How can we show the root cause of any exception from the stack trace(if stack trace is available)?
Currently what we have created is chart showing total exceptions, on drill-down different types of exception, again on drill-down default log entries of particular exception which is cliked.
What else we can show through splunk which is more specific to the cause of the exception than just showing the log entry (consisting of full stack trace) for particular exception.
Any help on this.
,One easy way:
What type of log you are trying to find the root cause when analyzing stacktrace?
There are type of log like access_combined and log4j ,etc... already defined on Splunk where basic fields is extracted by default and there are some pretty apps for that purpose.
The Key to finding the root cause to an Exception is your ability to focus on the exact TIME an exception occurred and look at what else was happening in related systems at the time the exception occurred.
You have the first step. You've narrowed down a way to isolate the exception and you can drill down to it, click on it and send it into the search interface (one option).
Once you are there - you need something else to look at. As somesoni2 points out, you have to be Splunking other stuff. So let's say this application also utilizes web servers, databases, runs over particular switches, routers, etc... whatever it is that is also associated would need to have It's machine data in Splunk. The stack trace is the very bottom of the stack if you'll pardon the pun.
What you would do, if you had everything in Splunk, for example in one index (this is only an example, one index is not required, you can search across indexes easily)... you would do something like this:
Start with your chart. Click on the exception you have narrowed down, and drill down to the Search interface.
Now you are in Search and you are looking at the details of the exception. Great. note what you like... but also note that you are narrowed down to a particular "custom time". take a look at the Histogram (the green bars) and poke around a bit to see the pattern of frequency of the errors to be sure you are on the first occurrence, because in fact you could be at the end of a cascade... once you are satisfied that you are at the first place something bad went down and the TIME you want to look at... now clear out everything in the search box except the index declaration.
Leave the time picker the way it is... and run the search.
What that does... is it looks at what else was going on at the same TIME the exception occurred. Now note the field list on the left. Note the sources, and the source types. Click on Source Types...
You know your application. Before you start exploring, be sure you make note of the Timestamp(the custom time). You can even just save the search... you can delete it later. Once you've got that... now look at those source types. You'll see, the number of events occurring for each sourcetype. Do you see one that seems too high? Too low?

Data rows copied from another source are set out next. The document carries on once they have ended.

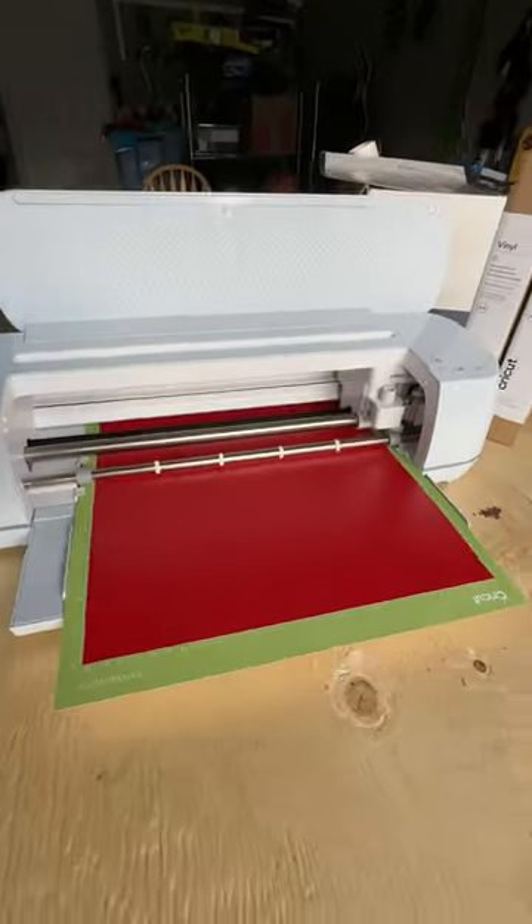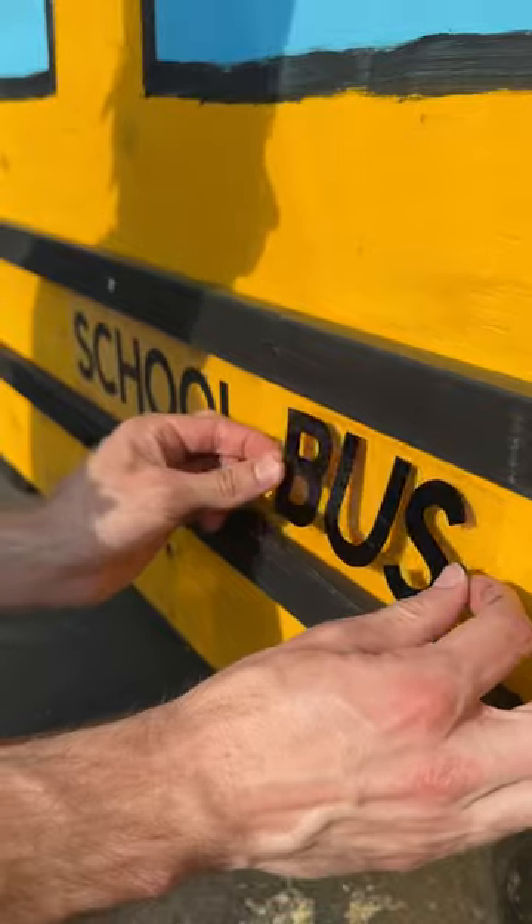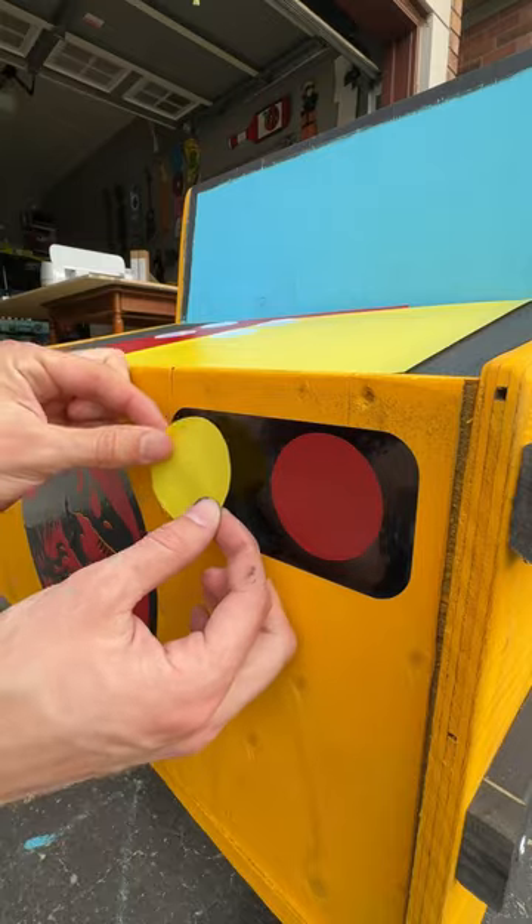Thanks to the Cricut Maker 3, this project was made so easy. I've cut out all the decals I wanted, like the dinosaur and Paw Patrol. I've put all the stickers on the bus, peeled the transfer tape off, and the bus turned out to be so awesome.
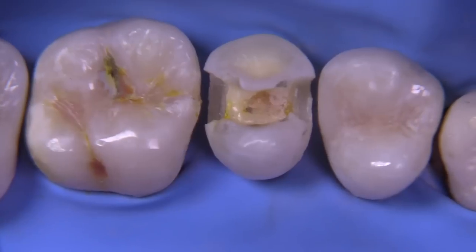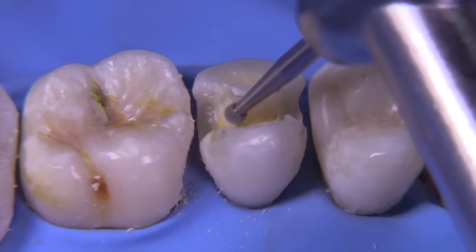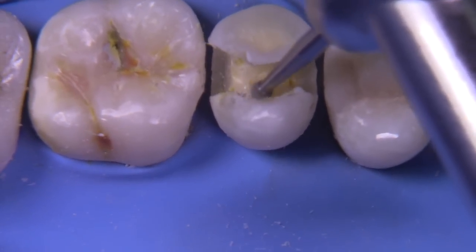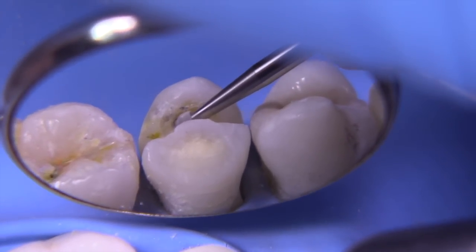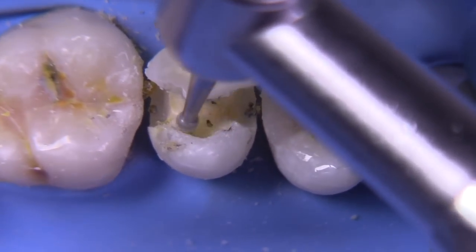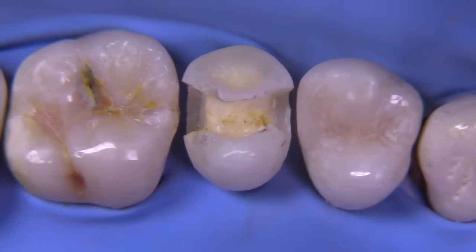Rather than removing the cusp right away, let's take a look at how undermined it really is. We're going to use the slow speed round bur. You can see in the mirror just how undermined that cusp is — there's even some amalgam still left in there. So we're going to go after that area with the slow speed, undermining the enamel and then going back and removing more enamel. A significant amount of undermined carious tooth structure has to be removed. We want to get the DEJ absolutely clean. Sometimes you can't see it and you need to expand the outline form from the occlusal, but other times you can look up underneath the cusp and see it pretty easily, like in this particular case.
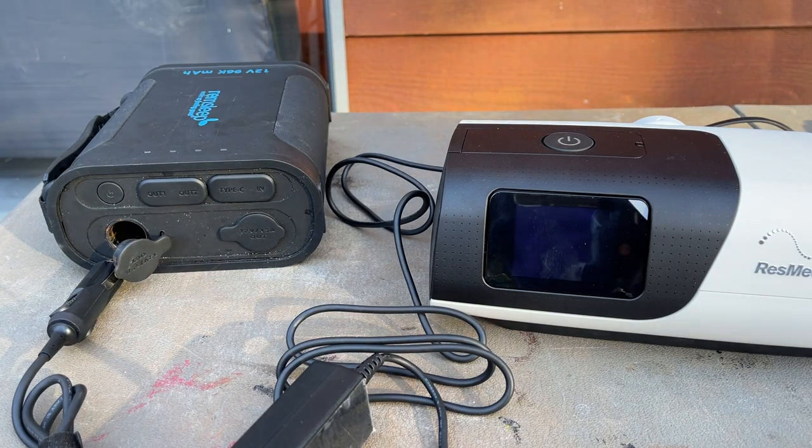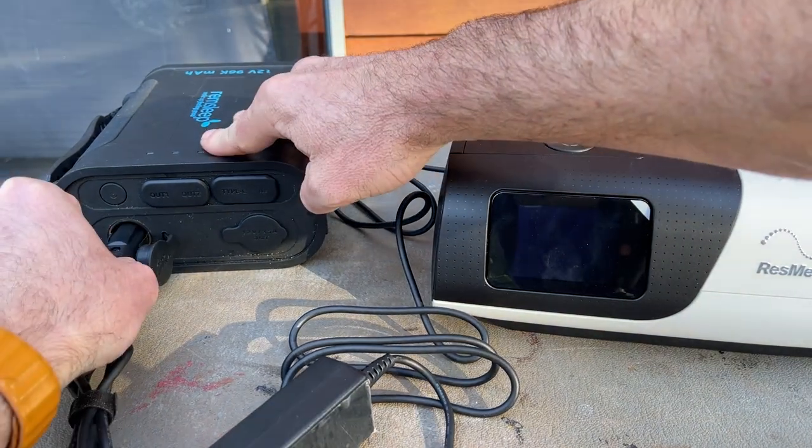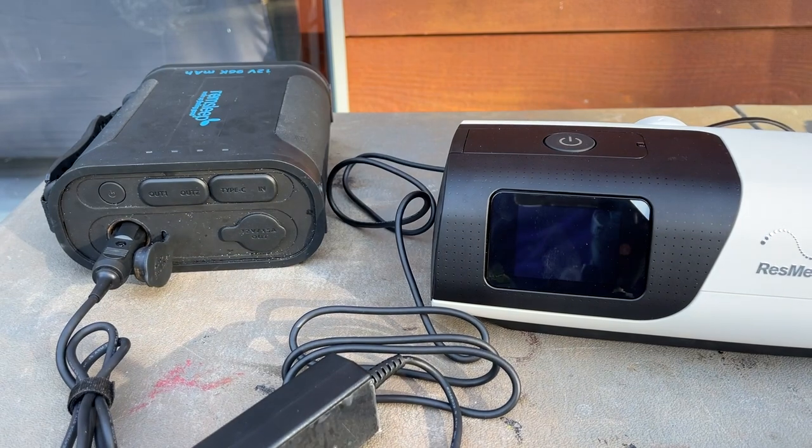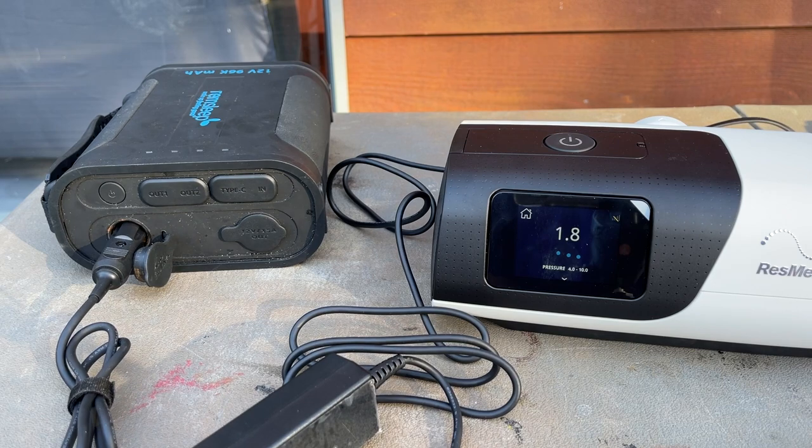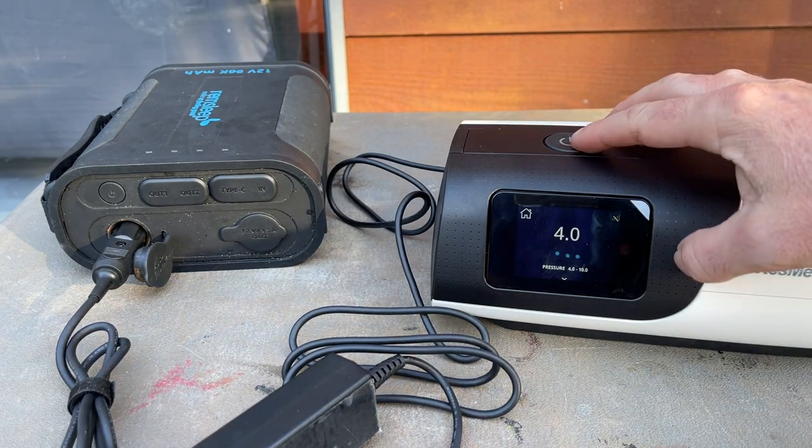And now the moment of truth — here we go. Great stuff.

Now you can do something simple if you like... you can type the words Error OR Fail OR CRITICAL... or whatever you want to see if you can find errors happening on other systems. Run that search and Splunk will show you where those key words show up. Now that can show you "false positives" if you are too simplistic with your keywords... but you you know your data, use words that are more meaningful... or if the time is narrowed down too tightly... click on the zoom button and back out a bit. Something started before the stack trace began to spew right? So you are really looking for what happened right before the Exception began to report... the question is... what happened and where?
Keep note of the pattern made by the green bars in the histogram. A lot of times when something is starting to go wrong... many systems will try to recover, but they come back to the same 'wrong' circumstance and then take another dive... so you'll see a pattern visible in the histogram.
That's how you work root cause analysis by hand. But again... you need to be Splunking something other than just the stack trace in order to do that.
In Splunk, you can show information which are present in logs (can't add extra information). If your logs have other fields like error message, error code, those can be extracted and displayed. If your logs just have stack trace, you may extract the function name/service/application name where it occurred and may show some statistics based on that. But, as I said earlier, it all depends on the information that you are logging.